THE INPUT -
++++++
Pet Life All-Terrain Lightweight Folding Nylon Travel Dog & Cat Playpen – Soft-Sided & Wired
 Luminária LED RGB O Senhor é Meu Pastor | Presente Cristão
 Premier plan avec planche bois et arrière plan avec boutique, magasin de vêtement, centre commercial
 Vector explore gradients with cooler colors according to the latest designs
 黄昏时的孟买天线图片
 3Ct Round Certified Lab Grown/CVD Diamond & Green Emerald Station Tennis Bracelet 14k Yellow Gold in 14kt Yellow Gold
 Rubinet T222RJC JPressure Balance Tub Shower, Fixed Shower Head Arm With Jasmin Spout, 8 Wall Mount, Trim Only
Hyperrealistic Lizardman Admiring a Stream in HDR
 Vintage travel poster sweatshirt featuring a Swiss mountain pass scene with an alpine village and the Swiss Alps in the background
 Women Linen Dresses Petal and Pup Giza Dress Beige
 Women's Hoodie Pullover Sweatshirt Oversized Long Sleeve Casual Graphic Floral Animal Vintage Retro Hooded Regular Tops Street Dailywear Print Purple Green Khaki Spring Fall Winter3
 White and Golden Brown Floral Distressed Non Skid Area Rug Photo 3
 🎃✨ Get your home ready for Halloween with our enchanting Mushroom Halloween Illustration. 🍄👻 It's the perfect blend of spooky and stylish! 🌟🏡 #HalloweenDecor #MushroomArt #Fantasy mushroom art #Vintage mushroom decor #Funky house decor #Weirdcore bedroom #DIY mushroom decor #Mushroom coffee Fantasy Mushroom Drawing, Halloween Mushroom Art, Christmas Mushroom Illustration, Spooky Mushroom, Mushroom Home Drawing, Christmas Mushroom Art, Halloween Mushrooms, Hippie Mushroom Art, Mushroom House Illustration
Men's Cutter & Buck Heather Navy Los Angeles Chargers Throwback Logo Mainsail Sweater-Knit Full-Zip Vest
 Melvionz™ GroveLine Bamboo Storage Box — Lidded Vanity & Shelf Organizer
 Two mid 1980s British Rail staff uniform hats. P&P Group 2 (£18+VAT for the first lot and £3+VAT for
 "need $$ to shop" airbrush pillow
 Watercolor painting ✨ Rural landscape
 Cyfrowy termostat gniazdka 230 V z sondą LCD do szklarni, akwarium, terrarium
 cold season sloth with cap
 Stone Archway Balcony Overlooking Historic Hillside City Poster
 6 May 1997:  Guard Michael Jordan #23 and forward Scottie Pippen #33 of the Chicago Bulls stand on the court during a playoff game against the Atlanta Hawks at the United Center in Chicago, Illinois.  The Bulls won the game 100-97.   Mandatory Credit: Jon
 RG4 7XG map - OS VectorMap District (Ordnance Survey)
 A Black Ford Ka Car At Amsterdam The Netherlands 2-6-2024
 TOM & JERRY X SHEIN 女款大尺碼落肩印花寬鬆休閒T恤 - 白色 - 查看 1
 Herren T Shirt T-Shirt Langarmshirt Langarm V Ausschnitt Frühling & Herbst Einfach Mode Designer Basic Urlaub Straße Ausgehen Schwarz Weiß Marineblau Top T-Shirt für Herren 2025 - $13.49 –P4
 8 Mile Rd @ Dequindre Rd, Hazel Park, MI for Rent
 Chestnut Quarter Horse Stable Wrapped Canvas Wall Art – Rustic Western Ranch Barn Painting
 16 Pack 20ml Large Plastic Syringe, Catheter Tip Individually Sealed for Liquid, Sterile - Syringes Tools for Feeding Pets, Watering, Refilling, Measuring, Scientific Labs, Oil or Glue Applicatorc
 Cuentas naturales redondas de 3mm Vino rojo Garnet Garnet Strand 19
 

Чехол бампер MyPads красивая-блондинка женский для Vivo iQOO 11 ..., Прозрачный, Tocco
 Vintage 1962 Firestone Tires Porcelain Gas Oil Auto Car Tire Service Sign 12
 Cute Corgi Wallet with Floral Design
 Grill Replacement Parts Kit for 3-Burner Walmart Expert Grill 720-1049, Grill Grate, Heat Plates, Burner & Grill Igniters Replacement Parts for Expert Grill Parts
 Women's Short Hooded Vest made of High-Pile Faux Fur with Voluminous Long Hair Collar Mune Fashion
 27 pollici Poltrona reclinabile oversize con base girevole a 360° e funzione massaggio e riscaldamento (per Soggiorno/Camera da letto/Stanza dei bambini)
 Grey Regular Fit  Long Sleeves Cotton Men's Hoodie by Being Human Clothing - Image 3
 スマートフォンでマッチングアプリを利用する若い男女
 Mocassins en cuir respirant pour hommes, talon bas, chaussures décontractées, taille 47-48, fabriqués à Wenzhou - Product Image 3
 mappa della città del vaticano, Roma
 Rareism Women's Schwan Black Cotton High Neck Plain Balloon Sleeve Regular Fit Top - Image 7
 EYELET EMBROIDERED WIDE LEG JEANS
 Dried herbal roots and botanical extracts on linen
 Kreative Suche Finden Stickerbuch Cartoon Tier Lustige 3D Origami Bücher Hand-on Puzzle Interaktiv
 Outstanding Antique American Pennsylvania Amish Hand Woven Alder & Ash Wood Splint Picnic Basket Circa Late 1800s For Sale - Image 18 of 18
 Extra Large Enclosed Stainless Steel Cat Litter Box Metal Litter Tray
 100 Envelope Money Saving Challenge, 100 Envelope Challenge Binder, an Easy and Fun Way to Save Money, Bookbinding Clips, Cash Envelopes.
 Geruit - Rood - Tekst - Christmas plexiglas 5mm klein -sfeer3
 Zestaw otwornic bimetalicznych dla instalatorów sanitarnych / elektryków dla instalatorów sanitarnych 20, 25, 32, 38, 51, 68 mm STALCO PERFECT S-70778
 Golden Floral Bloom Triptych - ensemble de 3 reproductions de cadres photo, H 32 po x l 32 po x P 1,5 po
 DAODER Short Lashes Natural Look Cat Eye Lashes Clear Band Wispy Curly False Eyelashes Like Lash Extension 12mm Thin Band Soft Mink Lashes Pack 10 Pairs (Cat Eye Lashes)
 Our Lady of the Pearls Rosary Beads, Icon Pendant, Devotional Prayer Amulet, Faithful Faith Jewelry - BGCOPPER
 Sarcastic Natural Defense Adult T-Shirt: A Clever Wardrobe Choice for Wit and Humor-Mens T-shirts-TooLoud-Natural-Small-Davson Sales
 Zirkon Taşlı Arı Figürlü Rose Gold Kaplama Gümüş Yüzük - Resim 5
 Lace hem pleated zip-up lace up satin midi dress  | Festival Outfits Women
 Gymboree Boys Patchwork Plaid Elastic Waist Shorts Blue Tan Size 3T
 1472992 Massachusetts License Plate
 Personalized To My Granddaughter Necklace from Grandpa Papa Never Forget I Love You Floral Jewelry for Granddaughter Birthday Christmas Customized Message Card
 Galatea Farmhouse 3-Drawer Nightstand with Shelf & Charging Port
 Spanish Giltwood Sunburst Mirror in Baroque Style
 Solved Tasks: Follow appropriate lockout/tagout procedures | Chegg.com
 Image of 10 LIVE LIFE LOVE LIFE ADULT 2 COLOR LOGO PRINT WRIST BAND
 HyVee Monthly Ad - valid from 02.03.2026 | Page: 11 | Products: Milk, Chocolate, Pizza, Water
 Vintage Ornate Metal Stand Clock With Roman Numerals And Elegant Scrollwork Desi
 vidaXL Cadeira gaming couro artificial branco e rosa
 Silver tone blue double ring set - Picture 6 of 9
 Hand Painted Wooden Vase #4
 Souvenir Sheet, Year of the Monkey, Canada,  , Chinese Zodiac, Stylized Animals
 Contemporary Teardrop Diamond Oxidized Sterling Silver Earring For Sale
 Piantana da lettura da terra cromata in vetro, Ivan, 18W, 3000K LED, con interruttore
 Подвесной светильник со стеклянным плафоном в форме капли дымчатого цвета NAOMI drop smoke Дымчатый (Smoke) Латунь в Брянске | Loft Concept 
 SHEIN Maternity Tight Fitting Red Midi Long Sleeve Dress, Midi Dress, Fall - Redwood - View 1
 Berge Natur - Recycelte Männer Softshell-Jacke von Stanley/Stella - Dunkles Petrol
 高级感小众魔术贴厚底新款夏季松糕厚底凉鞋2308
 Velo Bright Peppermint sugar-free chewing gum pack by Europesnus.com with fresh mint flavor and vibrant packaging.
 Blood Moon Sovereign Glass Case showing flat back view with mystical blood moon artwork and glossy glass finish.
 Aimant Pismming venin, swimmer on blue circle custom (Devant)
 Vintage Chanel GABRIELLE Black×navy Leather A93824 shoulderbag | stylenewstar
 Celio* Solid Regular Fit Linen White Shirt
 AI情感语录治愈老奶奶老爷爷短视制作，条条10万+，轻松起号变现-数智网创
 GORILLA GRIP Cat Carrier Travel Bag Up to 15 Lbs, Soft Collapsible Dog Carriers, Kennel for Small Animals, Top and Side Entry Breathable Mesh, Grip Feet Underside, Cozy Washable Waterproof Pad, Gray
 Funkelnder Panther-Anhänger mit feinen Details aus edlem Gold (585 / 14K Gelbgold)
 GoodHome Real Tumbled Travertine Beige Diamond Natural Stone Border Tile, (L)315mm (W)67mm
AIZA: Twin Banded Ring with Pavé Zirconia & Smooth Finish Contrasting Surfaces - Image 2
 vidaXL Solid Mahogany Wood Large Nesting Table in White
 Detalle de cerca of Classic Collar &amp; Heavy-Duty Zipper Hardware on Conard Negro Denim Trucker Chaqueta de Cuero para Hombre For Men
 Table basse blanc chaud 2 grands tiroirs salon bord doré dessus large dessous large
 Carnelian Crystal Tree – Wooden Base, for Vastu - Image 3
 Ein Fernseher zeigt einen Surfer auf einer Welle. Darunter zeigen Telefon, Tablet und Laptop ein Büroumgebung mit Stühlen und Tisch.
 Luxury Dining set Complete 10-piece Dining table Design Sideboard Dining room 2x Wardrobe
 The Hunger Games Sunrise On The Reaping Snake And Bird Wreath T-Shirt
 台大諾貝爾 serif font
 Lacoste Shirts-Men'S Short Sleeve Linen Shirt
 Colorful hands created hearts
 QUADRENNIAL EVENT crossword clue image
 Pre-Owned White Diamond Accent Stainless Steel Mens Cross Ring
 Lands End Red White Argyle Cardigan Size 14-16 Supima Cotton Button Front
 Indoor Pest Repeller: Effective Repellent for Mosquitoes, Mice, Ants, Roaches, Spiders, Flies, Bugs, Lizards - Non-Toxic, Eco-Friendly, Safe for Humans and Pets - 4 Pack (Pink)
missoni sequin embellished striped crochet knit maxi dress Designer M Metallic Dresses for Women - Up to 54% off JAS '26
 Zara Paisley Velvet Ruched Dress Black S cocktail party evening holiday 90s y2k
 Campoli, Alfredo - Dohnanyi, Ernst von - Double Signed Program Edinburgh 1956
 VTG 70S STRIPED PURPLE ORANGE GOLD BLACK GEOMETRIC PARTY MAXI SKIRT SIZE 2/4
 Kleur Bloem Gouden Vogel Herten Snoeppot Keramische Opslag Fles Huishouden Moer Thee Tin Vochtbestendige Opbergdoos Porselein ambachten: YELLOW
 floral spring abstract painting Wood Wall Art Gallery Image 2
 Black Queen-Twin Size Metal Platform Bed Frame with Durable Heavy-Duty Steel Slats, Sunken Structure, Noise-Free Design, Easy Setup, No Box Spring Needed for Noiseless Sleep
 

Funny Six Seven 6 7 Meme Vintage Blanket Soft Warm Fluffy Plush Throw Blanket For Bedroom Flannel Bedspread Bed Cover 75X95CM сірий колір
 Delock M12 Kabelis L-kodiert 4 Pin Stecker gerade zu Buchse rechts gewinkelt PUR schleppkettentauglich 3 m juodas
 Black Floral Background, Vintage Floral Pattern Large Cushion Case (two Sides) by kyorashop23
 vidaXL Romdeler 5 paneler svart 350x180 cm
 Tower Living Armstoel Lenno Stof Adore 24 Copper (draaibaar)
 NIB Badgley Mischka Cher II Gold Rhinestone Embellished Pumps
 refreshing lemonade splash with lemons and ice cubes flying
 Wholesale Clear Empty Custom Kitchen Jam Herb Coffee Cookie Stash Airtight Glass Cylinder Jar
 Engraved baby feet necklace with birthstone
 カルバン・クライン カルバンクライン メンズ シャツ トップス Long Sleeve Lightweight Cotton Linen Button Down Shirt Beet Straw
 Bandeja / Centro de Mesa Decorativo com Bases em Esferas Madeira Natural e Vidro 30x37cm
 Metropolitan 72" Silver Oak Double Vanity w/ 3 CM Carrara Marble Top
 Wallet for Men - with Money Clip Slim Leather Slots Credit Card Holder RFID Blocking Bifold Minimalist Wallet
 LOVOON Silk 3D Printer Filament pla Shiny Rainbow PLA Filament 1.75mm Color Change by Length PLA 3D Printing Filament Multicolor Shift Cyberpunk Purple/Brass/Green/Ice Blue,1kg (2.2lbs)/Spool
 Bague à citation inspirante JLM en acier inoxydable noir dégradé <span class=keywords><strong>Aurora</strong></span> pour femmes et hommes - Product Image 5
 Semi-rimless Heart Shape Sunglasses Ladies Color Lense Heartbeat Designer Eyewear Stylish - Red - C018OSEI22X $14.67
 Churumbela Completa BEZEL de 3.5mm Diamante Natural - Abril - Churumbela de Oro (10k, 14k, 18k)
++++++
REQUIRED ACTION - Lines from the one holding "Engraved baby feet necklace with birthstone" to the last line of the records: return these exactly, and only these.

EXPECTED ANSWER -
 Engraved baby feet necklace with birthstone
 カルバン・クライン カルバンクライン メンズ シャツ トップス Long Sleeve Lightweight Cotton Linen Button Down Shirt Beet Straw
 Bandeja / Centro de Mesa Decorativo com Bases em Esferas Madeira Natural e Vidro 30x37cm
 Metropolitan 72" Silver Oak Double Vanity w/ 3 CM Carrara Marble Top
 Wallet for Men - with Money Clip Slim Leather Slots Credit Card Holder RFID Blocking Bifold Minimalist Wallet
 LOVOON Silk 3D Printer Filament pla Shiny Rainbow PLA Filament 1.75mm Color Change by Length PLA 3D Printing Filament Multicolor Shift Cyberpunk Purple/Brass/Green/Ice Blue,1kg (2.2lbs)/Spool
 Bague à citation inspirante JLM en acier inoxydable noir dégradé <span class=keywords><strong>Aurora</strong></span> pour femmes et hommes - Product Image 5
 Semi-rimless Heart Shape Sunglasses Ladies Color Lense Heartbeat Designer Eyewear Stylish - Red - C018OSEI22X $14.67
 Churumbela Completa BEZEL de 3.5mm Diamante Natural - Abril - Churumbela de Oro (10k, 14k, 18k)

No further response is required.